Information
- First date: 19 March 2017
- Last date: TBA

Events
- Total events: TBA

Fights
- Total fights: TBA
- Title fights: TBA

Chronology
| 2016 in AFC | 2017 in AFC | 2018 in AFC |

= 2017 in AFC =

Mixed martial arts events

The year 2017 was the 8th year in the history of Australian Fighting Championship (AFC), a mixed martial arts promotion based in Australia. In 2017 AFC held 4 events.

== Events list ==

| # | Event title | Date | Arena | Location |
|---|---|---|---|---|
| 22 | AFC 21 | 28 October 2017 | Melbourne Pavilion | Melbourne, Australia |
| 21 | AFC 20 | 28 July 2017 | Melbourne Pavilion | Melbourne, Australia |
| 20 | AFC 19 | 15 April 2017 | AFC Arena | Xi'an, Shaanxi, China |
| 19 | AFC 18 | 14 April 2017 | AFC Arena | Xi'an, Shaanxi, China |

==AFC 21 ==

AFC 21 was an event meant to be held on 28 October 2017, at AFC Arena in Xi'an, Shaanxi, China.
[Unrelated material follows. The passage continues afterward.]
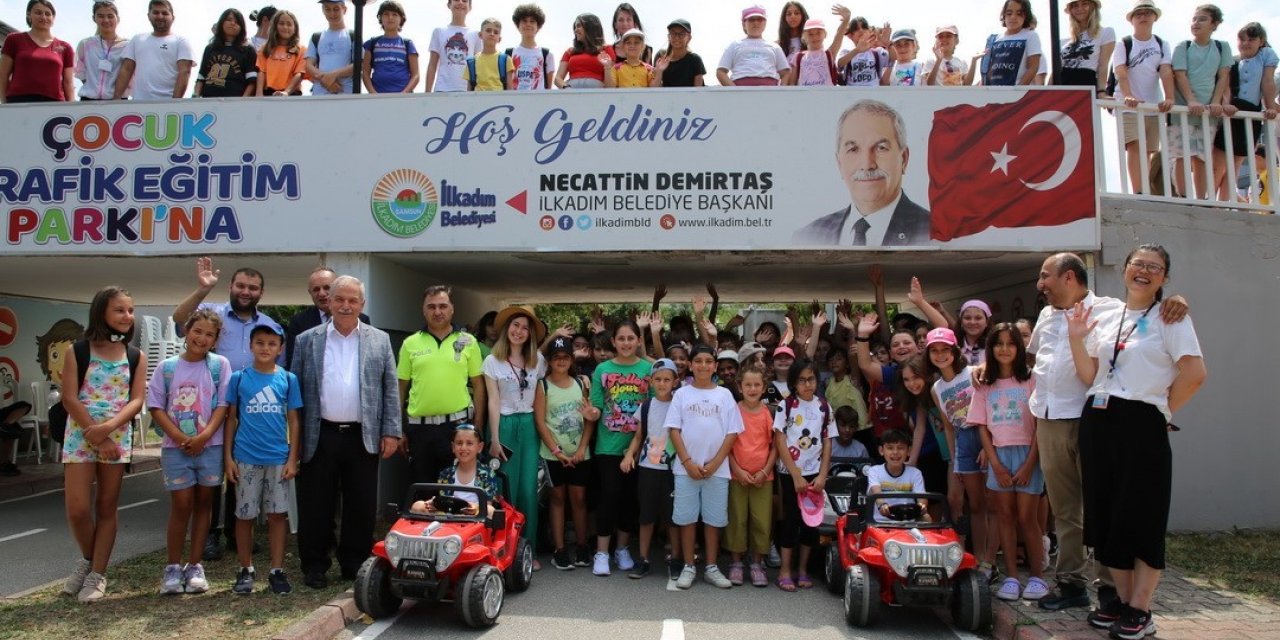Başkan Demirtaş: "Bilinçli sürücü ve yayaların yetişmesine imkan sağlıyoruz"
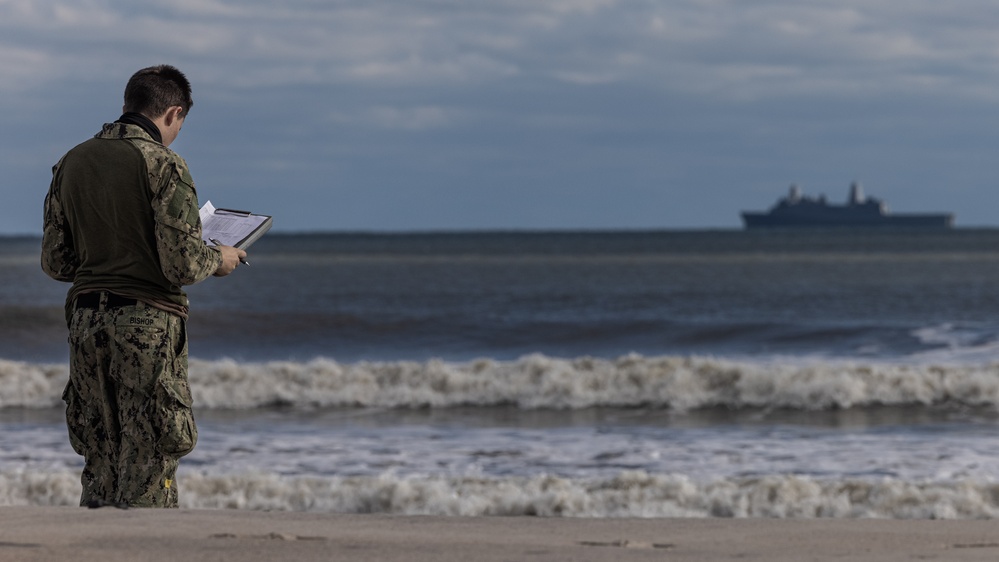 24th MEU Marines Disembark USS New York After PMINT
The event was cancelled and instead was held on 28 October 2017, at Melbourne Pavilion, Melbourne, Australia.

==AFC 20 ==

AFC 20 was an event held on 28 July 2017, at Melbourne Pavilion, Melbourne, Australia.

==AFC 19 ==

AFC 19 was an event held on 15 April 2017, at AFC Arena in Xi'an, Shaanxi, China.

==AFC 18 ==

AFC 18 was an event held on 14 April 2017, at AFC Arena in Xi'an, Shaanxi, China.